*** Data under study Section Begins ***

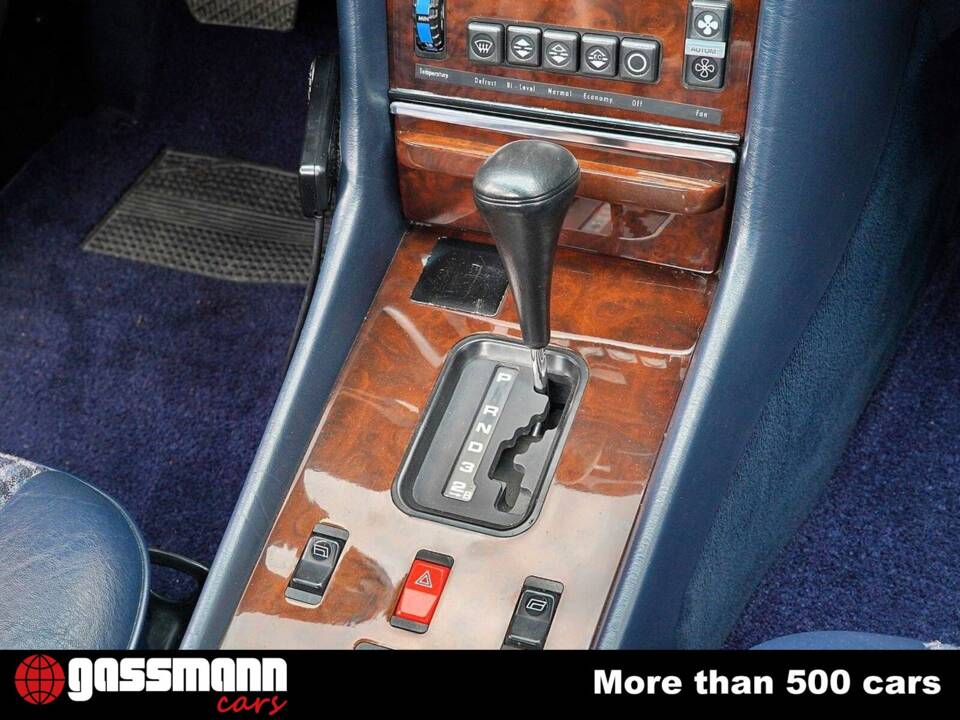 Bild 12/15 von Mercedes-Benz 560 SL (1986)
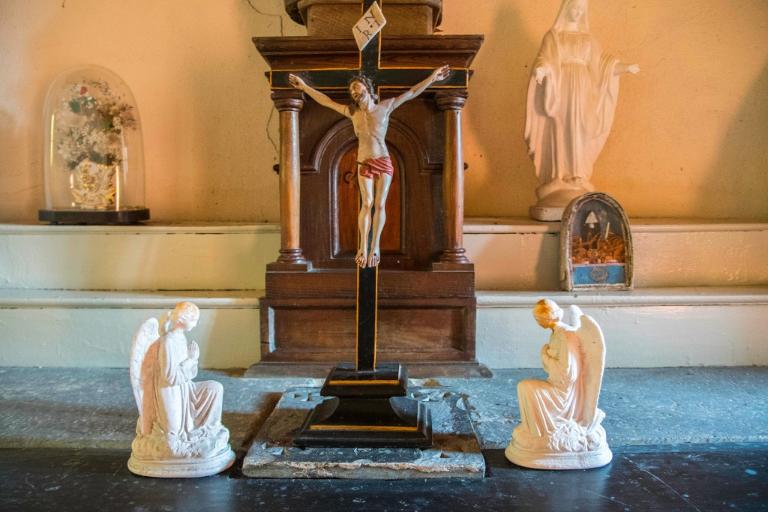 Croix d'autel, chapelle Saint-Nicodème, Saint-Joseph (Ploërmel)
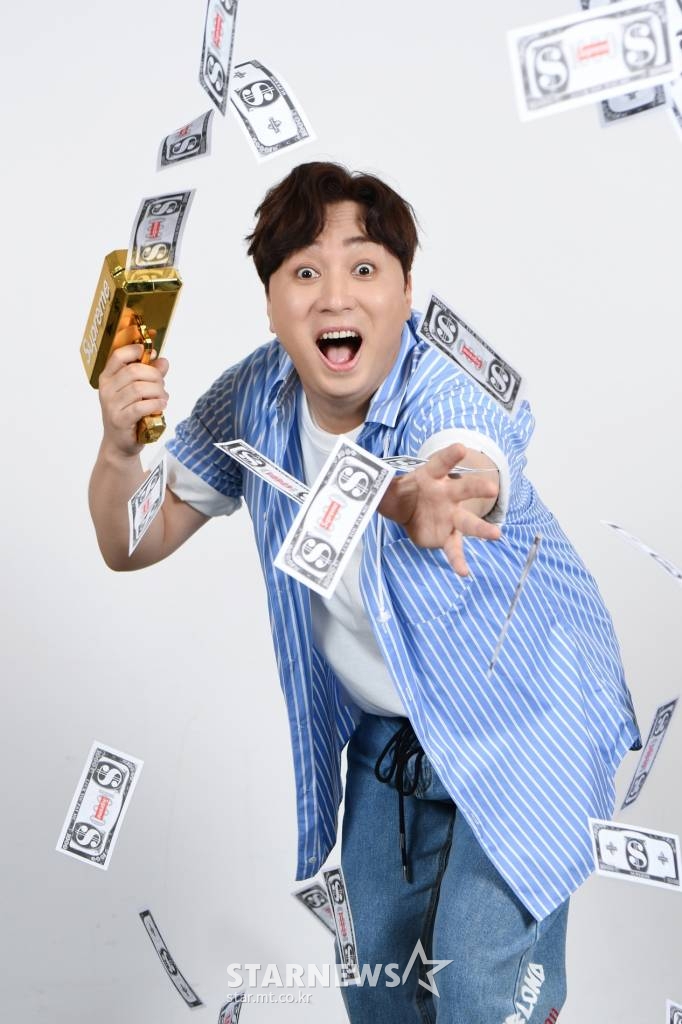 코미디언 황제성이 18일 오후 진행된 SBS 라디오 파워FM·러브AM 새 프로그램 론칭 기자간담회를 위해 포즈를 취하고 있다. 파워FM은 개그맨 황제성이 진행하는 '황제파워'를, 러브FM은 지상렬이 맡은 '뜨거우면 지상렬'을 편성한다. /사진제공=SBS 2022.07.18 /사진=이동훈 기자 photoguy@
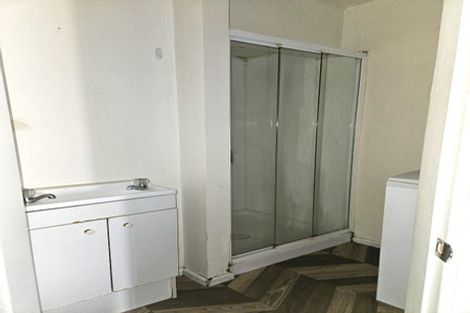 Photo of property in 4/5 Hopper Street, Mount Cook, Wellington, 6011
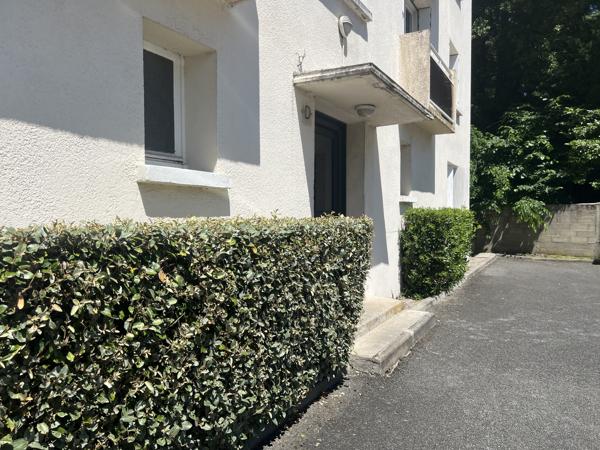 LE Bouscat Hyper centre - Charmant T2 au calme absolu dans résidence sécurisée et verdoyante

*** Data under study Section Ends ***

● What is required
Every record above should come back exactly, but without its pictures.

● The answer
 Bild 12/15 von Mercedes-Benz 560 SL (1986)
 Croix d'autel, chapelle Saint-Nicodème, Saint-Joseph (Ploërmel)
 코미디언 황제성이 18일 오후 진행된 SBS 라디오 파워FM·러브AM 새 프로그램 론칭 기자간담회를 위해 포즈를 취하고 있다. 파워FM은 개그맨 황제성이 진행하는 '황제파워'를, 러브FM은 지상렬이 맡은 '뜨거우면 지상렬'을 편성한다. /사진제공=SBS 2022.07.18 /사진=이동훈 기자 photoguy@
 Photo of property in 4/5 Hopper Street, Mount Cook, Wellington, 6011
 LE Bouscat Hyper centre - Charmant T2 au calme absolu dans résidence sécurisée et verdoyante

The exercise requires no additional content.